Che futuro sulla previdenza in Italia?

Il Governo si trova davanti a scelte decisive sul futuro della previdenza in Italia

StrettoWeb

Dopo il deludente anno appena passato che in ambito previdenziale non ha portato nessuna significativa norma migliorativa ma anzi un peggioramento dei tre istituti di Quota 103, Opzione Donna e Ape Sociale che consentono un anticipo rispetto al pensionamento ordinario, il Governo ormai insediatosi da quasi un anno e mezzo deve affrontare una riforma previdenziale non più rinviabile e di cui i cittadini italiani hanno assoluta urgenza.

La situazione economica con due guerre in cui siamo indirettamente coinvolti non è delle migliori ma ci sono dei segnali positivi come la disoccupazione che seppure a fatica continua a scendere, con un’occupazione che a dicembre è leggermente aumentata e che in un anno è aumentata di circa 500.000 unità. Il PIL nel 2023 è aumentato dello 0,7% e perfino il debito pubblico per la prima volta da anni alla fine dell’anno è sceso di circa 13 miliardi. Sono miglioramenti minimali ma a questo bisogna aggrapparsi e da questi dati bisogna ripartire per far tornare l’economia italiana al posto che le compete in Europa.

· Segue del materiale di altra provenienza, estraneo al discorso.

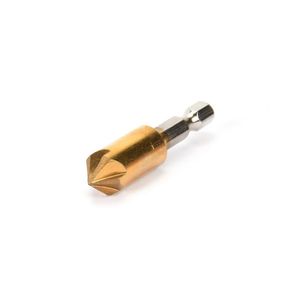 Three Blade Repair Drill Bit Chamfering Tool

Riguardo alla previdenza che da sempre è nel mirino della Ue per i costi definiti dalla Commissione esagerati e non in linea con gli altri Paese europei, come anche evidenziato dal recente report sulla previdenza in Italia di Itinerari Previdenziali si evince che il costo molto elevato pari a circa il 16,7% del PIL della previdenza è causato dal fatto che in Italia le due voci della previdenza e dell’assistenza risultano unite pur essendo due cose completamente diverse. Se nei dati che riguardano la previdenza continuano ad essere inserite voci come reddito di cittadinanza, pensioni di cittadinanza, cassa integrazione, indennità di accompagnamento, integrazioni al minimo ecc. ecc. è del tutto evidente che i costi comunicati fanno sì che l’Italia è al secondo posto dopo la Grecia per spese previdenziali.

Ma se si scorporassero le due voci il costo effettivo sarebbe di circa il 12% del PIL perfettamente in linea con gli altri Paese europei. E se poi da questi costi si togliesse anche l’IRPEF che incide per circa 60 miliardi e che ritornano con una partita di giro all’Erario questo costo scenderebbe addirittura sotto il 9% del PIL tra i più bassi dell’Europa. In pratica se dai 330 miliardi di costi complessivi si togliessero i quasi 100 miliardi dell’assistenza si scenderebbe intorno ai 230 miliardi e togliendo ancora i 60 miliardi di IRPEF si scenderebbe ulteriormente intorno ai 170 miliardi a fronte di versamenti contributivi di circa 210 miliardi annui. Ci sarebbe in pratica un avanzo annuo di circa 40 miliardi. In tal modo verrebbe completamente smentito quanto si legge ovunque sui costi della previdenza in Italia che invece sarebbero addirittura in attivo. Gli elevatissimi costi dell’assistenza che sono aumentati di quasi il 40% in poco più di quindici anni dovrebbero invece gravare non sulla previdenza ma sulla fiscalità generale e sostenuti dalle imposte e dalle tasse pagate dai cittadini italiani.

Ci si augura che il Governo intraprenda immediatamente questa strada della separazione dei due istituti così da poter operare una flessibilità in uscita dei lavoratori con una lieve penalizzazione e non come si sente troppo spesso in giro di operare tagli intorno al 20% conteggiando l’assegno previdenziale totalmente col metodo contributivo e lasciare, invece, il sistema misto fino alla sua naturale conclusione del 2036.